Wij verwachten dat u ongeveer een 4-5tal uur van de kamer verwijderd zal zijn. In deze tijdspanne valt: de voorbereiding, de operatie zelf en het ontwaken in de ontwaakzaal.
Na de operatie zal u rustig ontwaken in de ontwaakzaal en wanneer u comfortabel en goed wakker bent, keert u terug naar de afdeling.
Verloop op de afdeling:
- U zal systematisch pijnstilling krijgen via het infuus. Indien uw pijnklachten niet onder controle zijn MOET u extra pijnstilling vragen aan de verpleegkundige. Dit om onnodige pijnklachten te vermijden en uw revalidatieproces niet te belemmeren.
- Op de dag van uw operatie zal u verplichte bedrust worden opgelegd. U mag in bed elke positie aannemen die voor u comfortabel is. Probeer weliswaar zoveel mogelijk met de schouders en het bekken gelijktijdig (‘en bloc’) te draaien omdat torsie in de onderrug meestal als pijnlijk wordt ervaren. Vraag hiervoor eventueel hulp aan de verpleegkundige.
- Uw parameters (bloeddruk, pols, temperatuur,…) zullen op zeer frequente basis door de verpleegkundige opgevolgd worden. Bijkomend zal de verpleegkundige ook waken over uw neuro-vasculaire parameters. Dit wil zeggen dat zowel de motoriek (beweeglijkheid) als de sensibiliteit (het gevoel) in uw ledematen zal opgevolgd worden. Waarschuw de verpleegkundige indien u zelf een afname van kracht of gevoel gewaarwordt.
Dag 1 na de operatie
- Tijdens de ochtendzorg zal de verpleegkundige uw wonde controleren en verzorgen.
- Uw infuus zal verwijderd worden tijdens de ochtendverzorging en u zal nu systematisch pijnmedicatie krijgen in pilvorm.

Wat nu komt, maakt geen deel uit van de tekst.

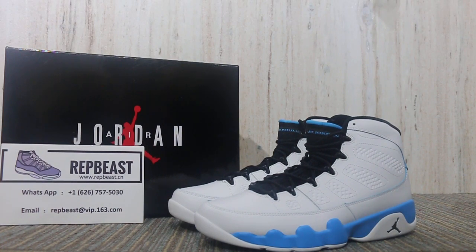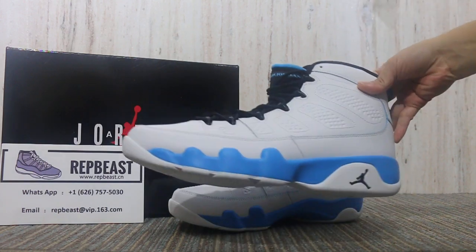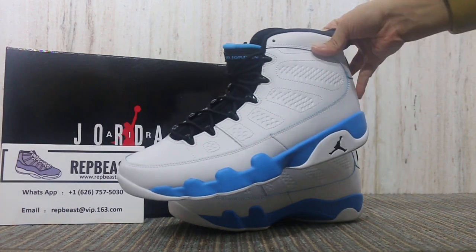Hey, what's up YouTube, this is Betty from Rapper Beast Dian Chi Eung. Please keep a follow for our site and my YouTube channel to get new release info. Today I want to show you the Jordan 9 Pound Blue — it's a new color.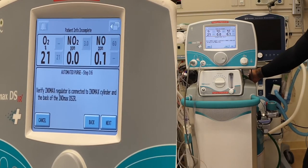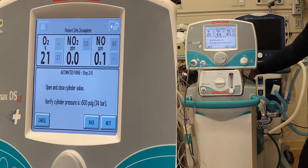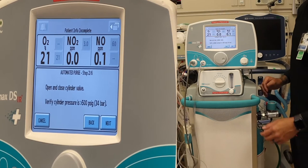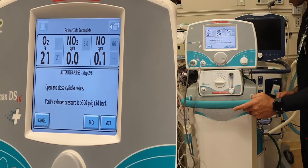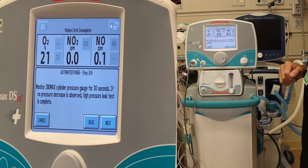The system is going to do an automatic purge. Verify the INO MAX regulator is connected to the INO MAX cylinder and the back of the INO MAX DSIR — done. Next, open the cylinder valve. Verify the cylinder pressure is greater than 500 psi. I'm looking at my pressure gauge — I have 750 psi. Press next.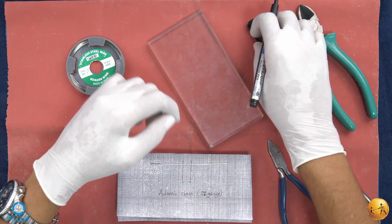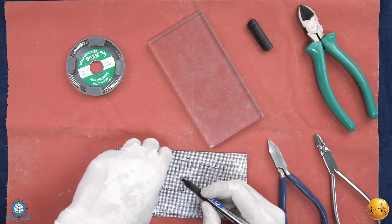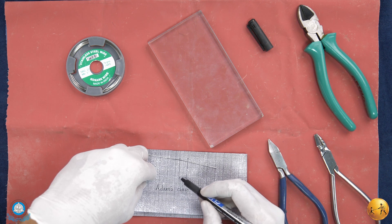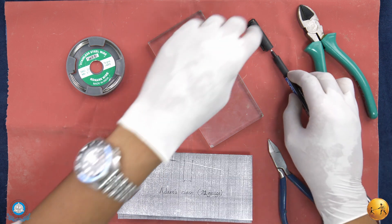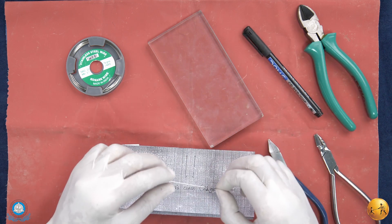The Adams clasp has two sections: a bridge in the middle of the wire bending, and two arrowheads, one on either side. The Adams clasp engages the mesio-buccal and disto-buccal undercuts.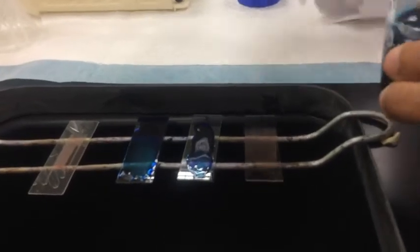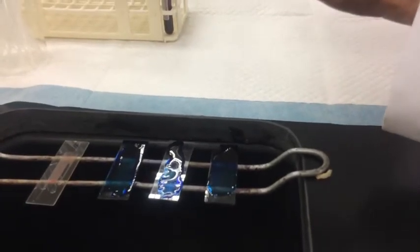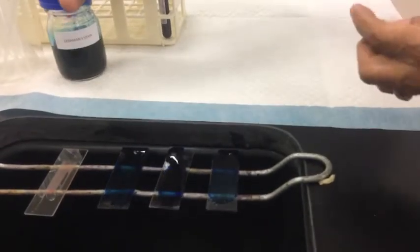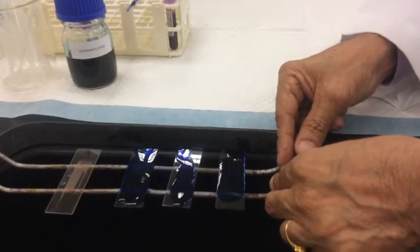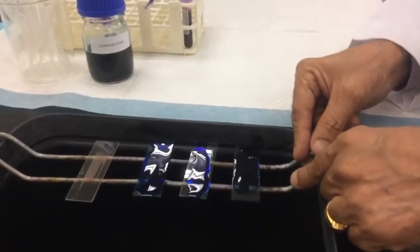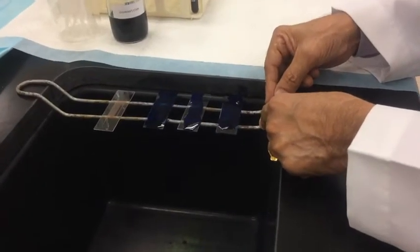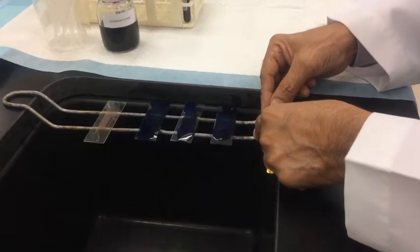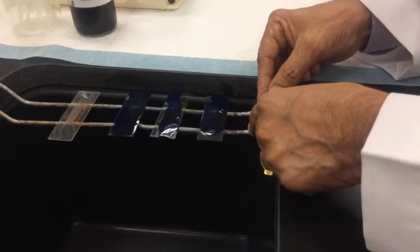Leave it aside for two to three minutes. During this time no actual staining takes place because the pH is not ideal. What is happening is the fixation of the blood film onto the slide. It is important to rock the slide slightly to ensure the stain covers the whole smear uniformly.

Ook hierbij geldt de regel dat wanneer uw pijnklachten niet onder controle zijn u extra pijnstilling MOET vragen.
- Na de ochtendverzorging zal de verpleegkundige u op de rand van uw bed helpen en nadien begeleiden naar de zetel. De verpleegkundige zal u technieken aanleren om te draaien in bed, recht te komen en dergelijke. Dit is het zogenaamd ‘en bloc’ bewegen. Het is aangewezen dat u frequent van houding verandert, steeds op geleide van de pijn. Vandaar dat het nog steeds belangrijk is om extra pijnstilling te vragen indien dit nodig is. Na de ingreep is de pijn in het been soms meteen weg, maar lang niet altijd. Dit hang af van de duur en de mate van druk op de zenuw vóór de ingreep. In de rug is er altijd wat pijn ten gevolge van de operatie, vooral de eerste paar dagen.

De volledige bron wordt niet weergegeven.